Geez, Terry, (thank you for your service, BTW) I’m not hyping anything. I’m simply saying that saying there’s nothing there based on nothing more than news reports, which are notoriously incorrect is foolhardy.

I think there’s a great deal more danger from insisting that your government is made up of lying, incompetent fools than there is from terrorists. If enough people believed that, we’d have anarchy, and anarchy would kill more people than terrorists ever will.

There’s a great many things we do, in the security field, that make no sense at all but are designed as “feel-good” measures. But to insist that a plot wasn’t a plot, which necessarily requires that the government be lying, when you simply don’t know the facts, is foolish.

I also dislike the statistical minimizing that goes on (only x number died in y number of years, therefore the threat isn’t real.) I think it’s an insult to those who have died.

Here’s an idea. Why don’t we just remove all security from airports and put up big signs – “You are ten times more likely to die from cancer than you are from boarding a plane.”

Then we can celebrate our statistical successes over the bodies of the small minority that didn’t make it but proved our math and enjoy flying without being inconvenienced.

mc August 17, 2006 5:00 PM

I can’t comment on the plausibility of the scheme; I was reading comic books in high school chem class.

I can say that I’ve gone through 4 US airports in the past week. 3 of them had regular announcements saying “The Homeland Security Terror Alert Level is Orange, ” and then the same advice about looking out for unattended luggage as they’ve always had. What exactly is the point of announcements like that, except to cause anxiety and fear?

Also, the Atlanta airport set up a 100% screening station at the gate, where 5 TSA folks went completely through every pocket of every carry-on bag. The passengers had already been through the normal security checkpoint, and this was for a 1-hour flight. Needless to say, the plane was late departing. But hey, at least no one had any toothpaste when they were done, so that’s something.

DougC August 17, 2006 6:12 PM

I am reasonably expert at explosives and have made all the mentioned ones, as well as some others (yes, the BATF knows me, and we’re friends). If I were DHS, I’d be in the fetal position with my thumb in my mouth right about now. Maybe the newspaper scheme wouldn’t work well, but it could work.
Most of the debunking is done on the assumption that the lab worker intends to live through it. This isn’t the case here.
Heck, a couple of quarts of plain gasoline atomized and then lit would do the job of overpressurizing the cabin enough to burst it, acetone would work even better. Those who think you couldn’t smuggle a nitrate explosive aren’t aware that most airports do not have a nitrate detector or GC, just an x-ray machine, and look for density of common explosives. There are so many possibilites this job is basically impossible, and in deference to my friends at DHS I won’t mention some that haven’t come up yet. Those who mentioned alkali metals should remember the batteries in laptops and cel phones. Take out the safety circuit, short it, and you have a small hand grenade!

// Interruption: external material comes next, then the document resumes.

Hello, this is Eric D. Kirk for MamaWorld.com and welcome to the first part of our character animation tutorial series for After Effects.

bah August 17, 2006 7:48 PM

OK, sorry about the plane door thingo .. still seems more likely to succeed than the supposed bomb plot.

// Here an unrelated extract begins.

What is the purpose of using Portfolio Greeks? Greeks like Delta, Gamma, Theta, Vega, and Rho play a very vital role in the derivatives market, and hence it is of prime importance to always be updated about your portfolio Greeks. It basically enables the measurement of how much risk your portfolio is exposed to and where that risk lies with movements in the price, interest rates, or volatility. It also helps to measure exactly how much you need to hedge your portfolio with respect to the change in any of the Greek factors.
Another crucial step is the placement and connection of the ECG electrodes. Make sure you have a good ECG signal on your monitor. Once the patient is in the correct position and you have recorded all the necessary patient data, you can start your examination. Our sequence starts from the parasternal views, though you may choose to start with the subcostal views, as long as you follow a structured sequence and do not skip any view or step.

My question is this: Does the movie plot scenario prize go to the UK Home Office now?

Adrian August 17, 2006 7:54 PM

“Now they’ve evacuated a terminal because explosives were ‘found’ in a water bottle.”

They found residue, not actual explosives.

antimedia August 17, 2006 8:15 PM

mc asks, “What exactly is the point of announcements like that, except to cause anxiety and fear?”

I wrote a step by step procedure (1 side of an 8 & 1/2 x 11 page) for our computer users to take care of a problem. (I even took the time to correctly spell and capitalize each stop of the process based on the screens the user would be seeing.)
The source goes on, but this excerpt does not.